:: Exercise goal ::
The listing is to be transcribed in full, with its images left out.

:: Dataset excerpt ::
'''
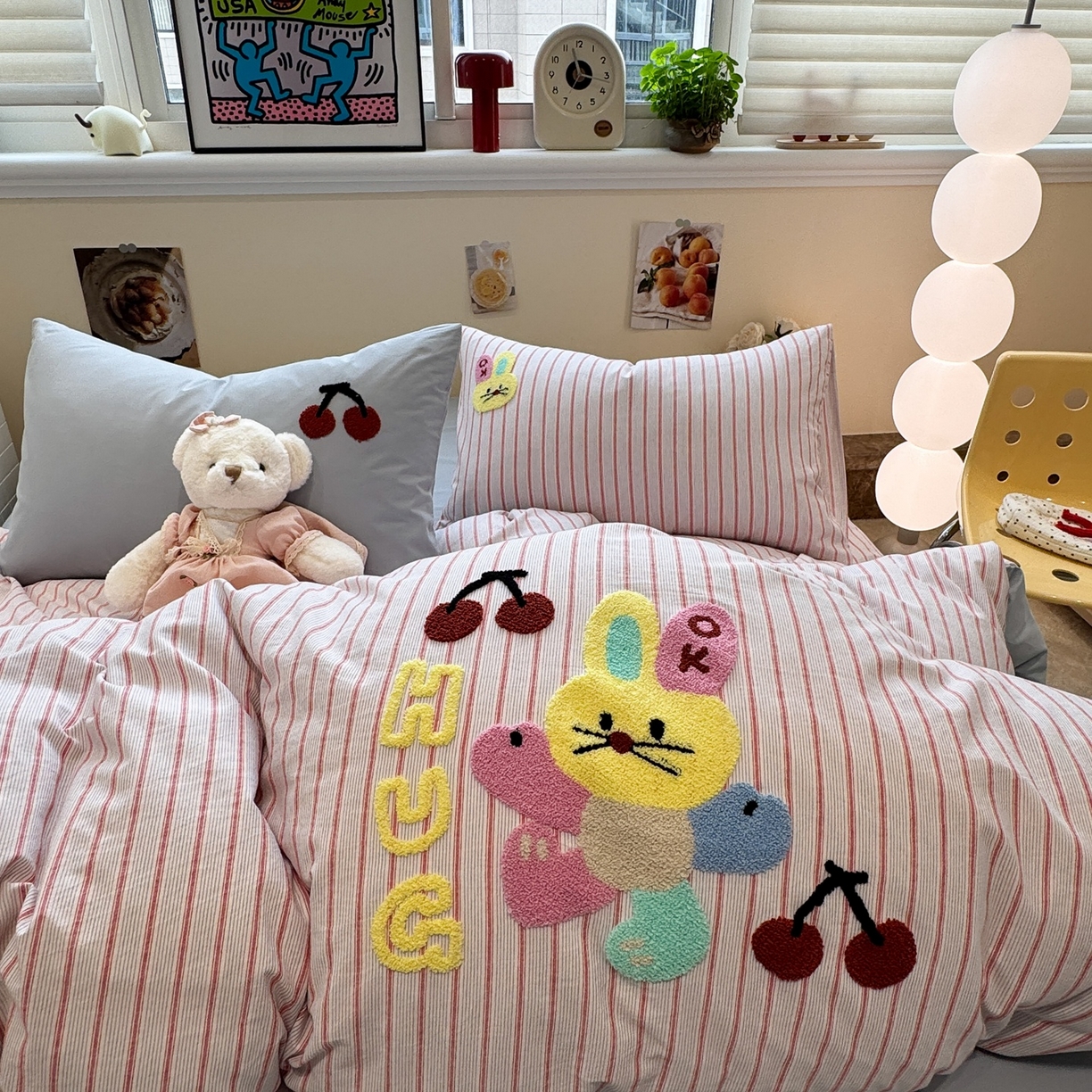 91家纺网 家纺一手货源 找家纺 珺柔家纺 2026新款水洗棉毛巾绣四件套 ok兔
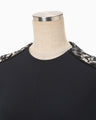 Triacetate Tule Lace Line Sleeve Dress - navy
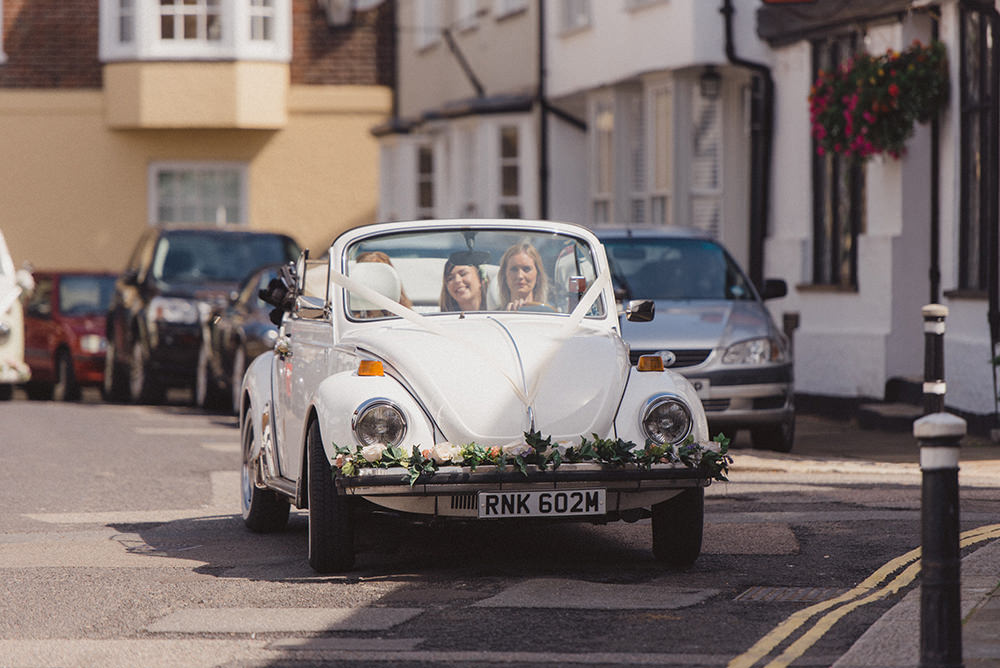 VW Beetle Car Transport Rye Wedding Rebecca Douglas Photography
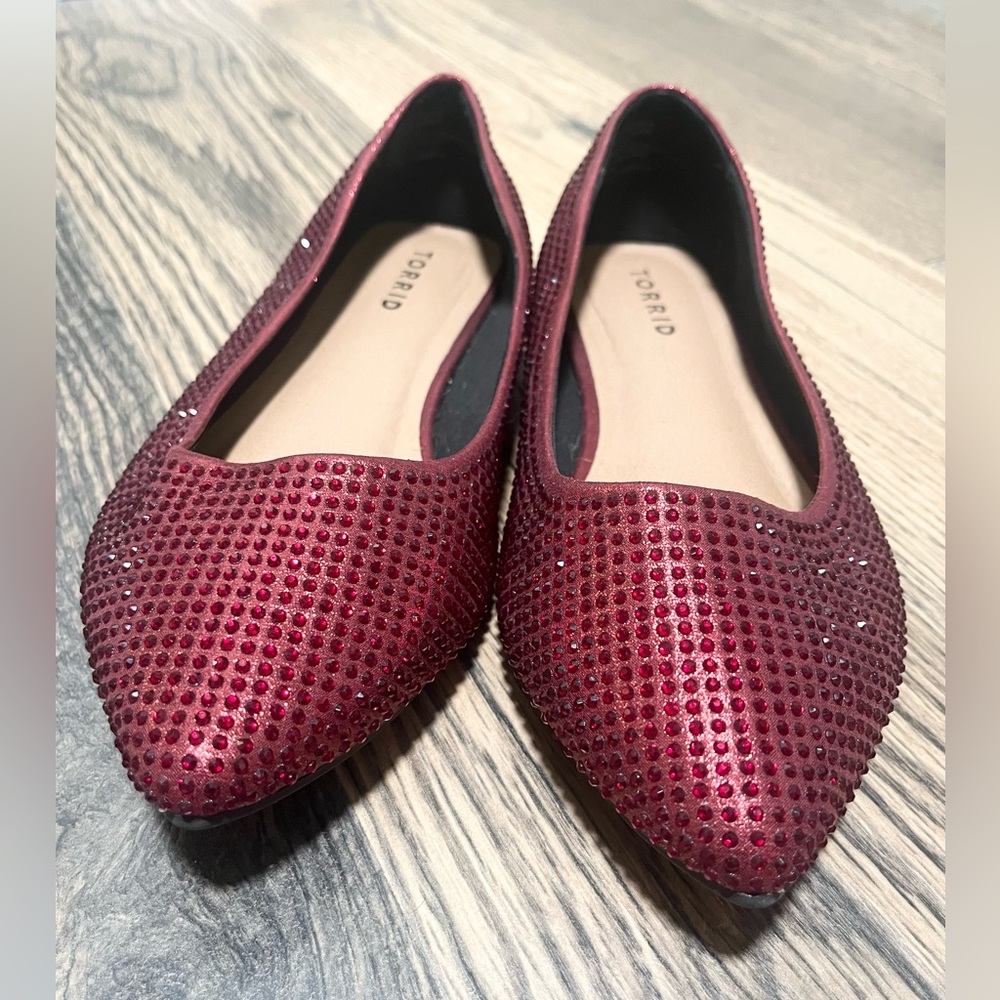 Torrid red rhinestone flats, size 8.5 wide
'''
:: Result of this task ::
 91家纺网 家纺一手货源 找家纺 珺柔家纺 2026新款水洗棉毛巾绣四件套 ok兔
 Triacetate Tule Lace Line Sleeve Dress - navy
 VW Beetle Car Transport Rye Wedding Rebecca Douglas Photography
 Torrid red rhinestone flats, size 8.5 wide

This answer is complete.